Civitai’s Guide to Video in the Civitai Generator!

November 14, 2024

Last Updated	Changes
11/14/2024	First Version
1/15/2025	Bring Your Own Image – Img2Video From Any Image!
8/27/2025	New Video Generation options
4/1/2026	Added Sora 2 and Wan 2.5; updated all engine details

Text2Video & Image2Video in the Generator?

We’re thrilled to announce a major new feature in the Civitai Generator – video generation! You can now create short video clips directly from text prompts, or by using a “starter” image. This exciting addition opens up fresh creative possibilities, making it easier than ever to bring your ideas to life in motion!

Over time, we’ll be adding more video generation tools to give you even more style options, control, and flexibility in your video creations. As we continue to expand, you’ll notice new tools, interface tweaks, and enhancements that make creating and customizing your videos more intuitive and powerful. Stay tuned for updates as we refine and grow this feature based on your feedback and our ongoing improvements and partnerships!

Note: For detailed information on navigating the Civitai Generator’s image creation interface, see our Guide to the Civitai Image Generator.

Tools

We currently have a number of choices for video generation, with more in the pipeline! Please note that the Buzz costs for each generation service are current at time of writing, but are subject to change.

Google’s Veo3

Veo?3 is Google DeepMind’s most advanced text-to-video generation model, released in May 2025, and marks a major leap beyond silent AI video. Now, it natively creates not only photorealistic visuals but also perfectly synchronized audio – everything from dialogue and ambient sound to music – all in one seamless output. The model excels at realistic physics, accurate lip-sync, and visual fidelity, enabling creators to bring cinematic scenes to life with just a prompt or an image input.

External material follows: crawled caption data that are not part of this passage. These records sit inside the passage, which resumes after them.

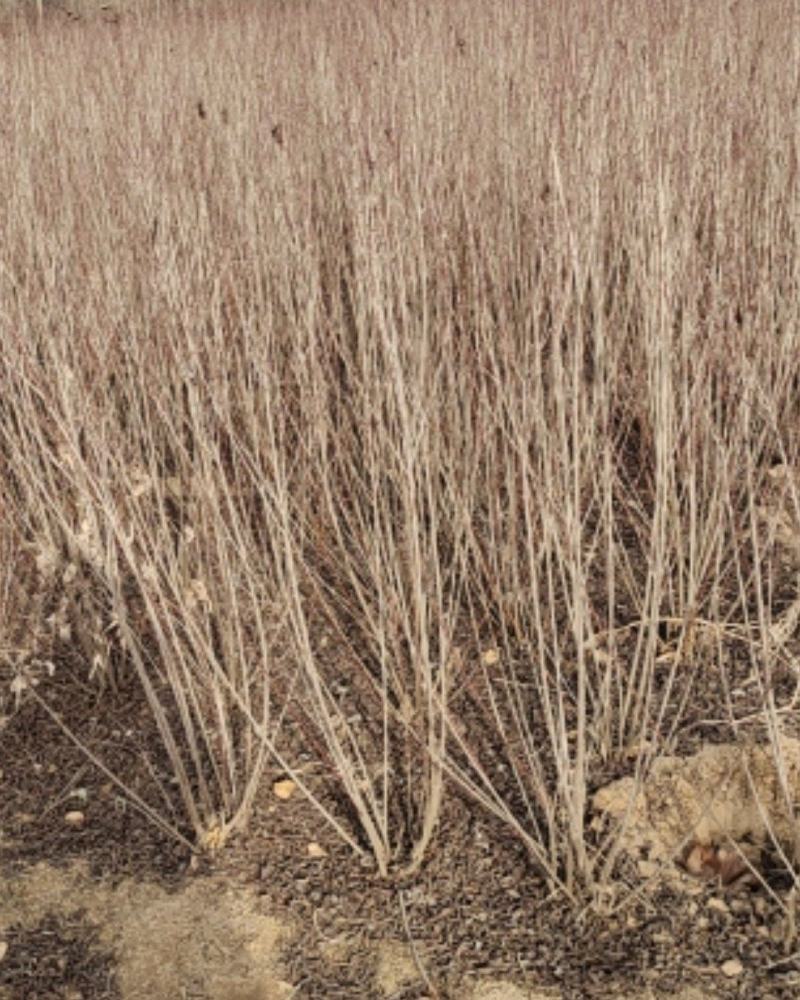 榆叶梅，丛生，规格齐全，自产自销自家苗圃一手货源质量如图
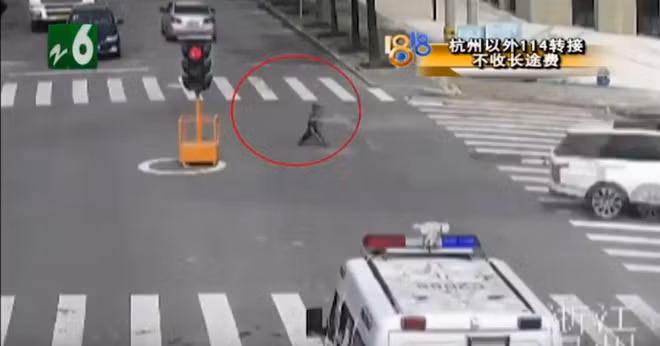 Gia đình - Quá&nbsp;nhớ chị gái, bé trai 4 tuổi đi gần 3km để mang 2 hộp sữa đến cho chị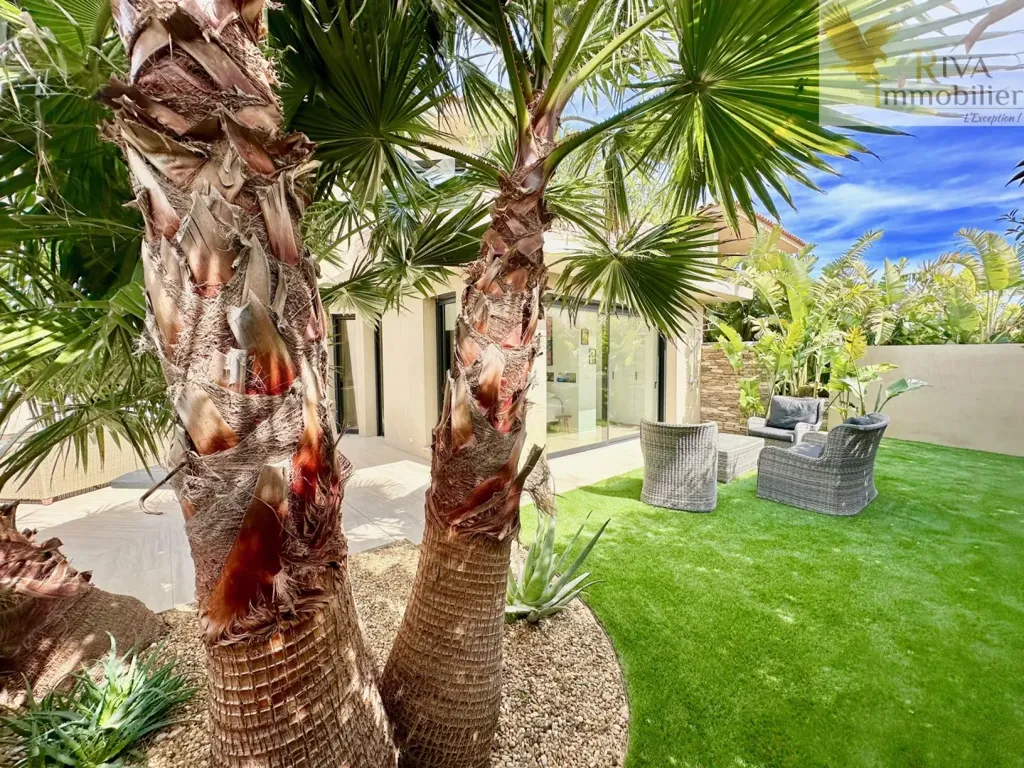 Jardin - Villa avec piscine et jardin à Sanary-sur-Mer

Generation Options	Details	Changes Buzz Cost?
Text to Video	Accepts descriptive text prompts which are translated into video
Image to Video	Accepts an image from which the video is derived
Fast Mode	A faster, cheaper, less high-fidelity mode	Reduces base Buzz cost
Standard	The base, default model quality
Prompt Enhancer	Adds cinematic flair, detail, and polish to prompts.	Increases base Buzz cost
Generate Audio	When enabled, will generate sound effects, speech, and/or music as specified.	Increases base Buzz cost

Be aware that Veo 3 is a PG-only model due to Google’s strict policies. Any use of profanity or sexually explicit language in the prompt will result in a generic or unrelated PG video output, and you will not receive a refund.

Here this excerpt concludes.